- _RAW DATA_:

+-------+

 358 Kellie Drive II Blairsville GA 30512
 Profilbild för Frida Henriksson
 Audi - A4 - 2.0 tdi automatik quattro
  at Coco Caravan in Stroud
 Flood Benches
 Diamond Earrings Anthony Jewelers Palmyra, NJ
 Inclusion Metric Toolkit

+-------+

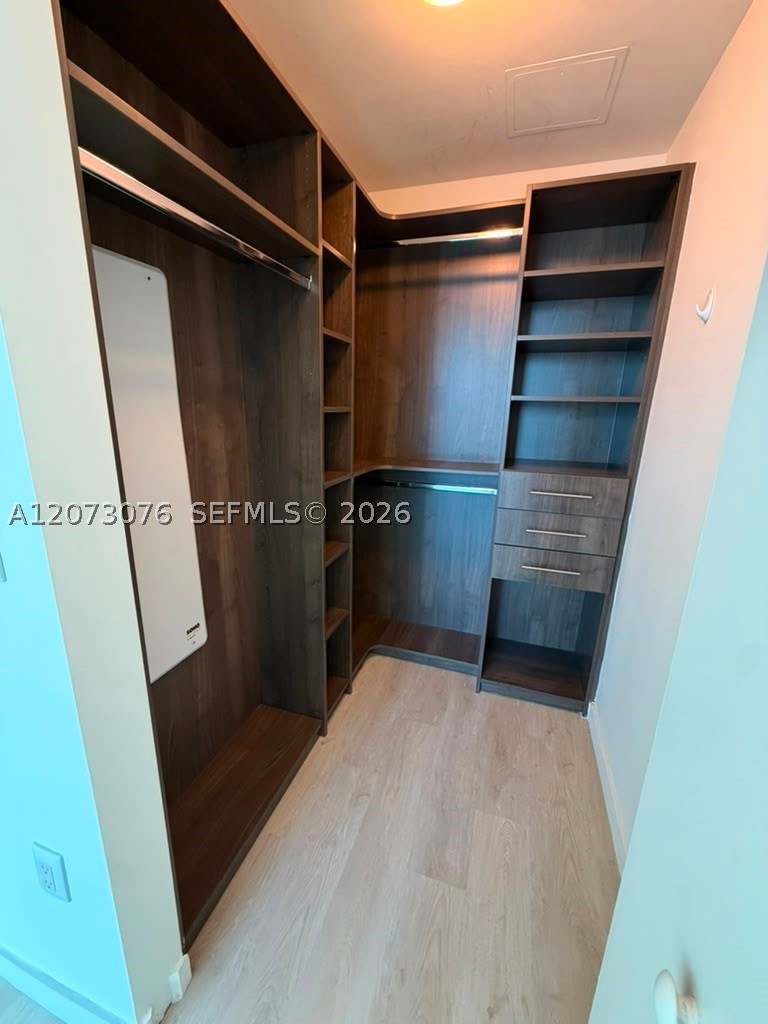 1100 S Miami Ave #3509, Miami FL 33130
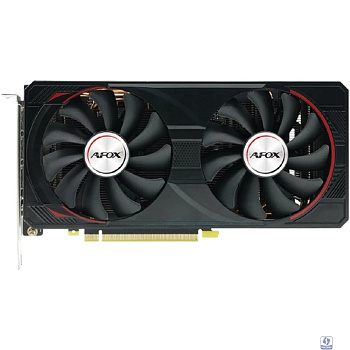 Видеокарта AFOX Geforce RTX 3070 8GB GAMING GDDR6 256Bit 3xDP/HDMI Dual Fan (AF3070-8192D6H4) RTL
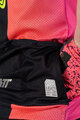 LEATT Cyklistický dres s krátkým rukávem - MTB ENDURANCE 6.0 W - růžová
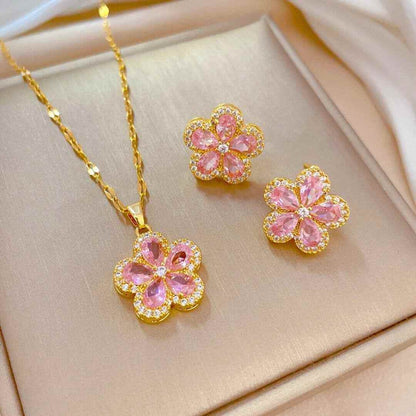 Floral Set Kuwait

+-------+

- _DIRECTIONS_: Beginning at the line above with "358 Kellie Drive II Blairsville GA 30512" and finishing at the line with "Inclusion Metric Toolkit", return each line exactly and return nothing else.

- _COMPLETED EXERCISE_:
 358 Kellie Drive II Blairsville GA 30512
 Profilbild för Frida Henriksson
 Audi - A4 - 2.0 tdi automatik quattro
  at Coco Caravan in Stroud
 Flood Benches
 Diamond Earrings Anthony Jewelers Palmyra, NJ
 Inclusion Metric Toolkit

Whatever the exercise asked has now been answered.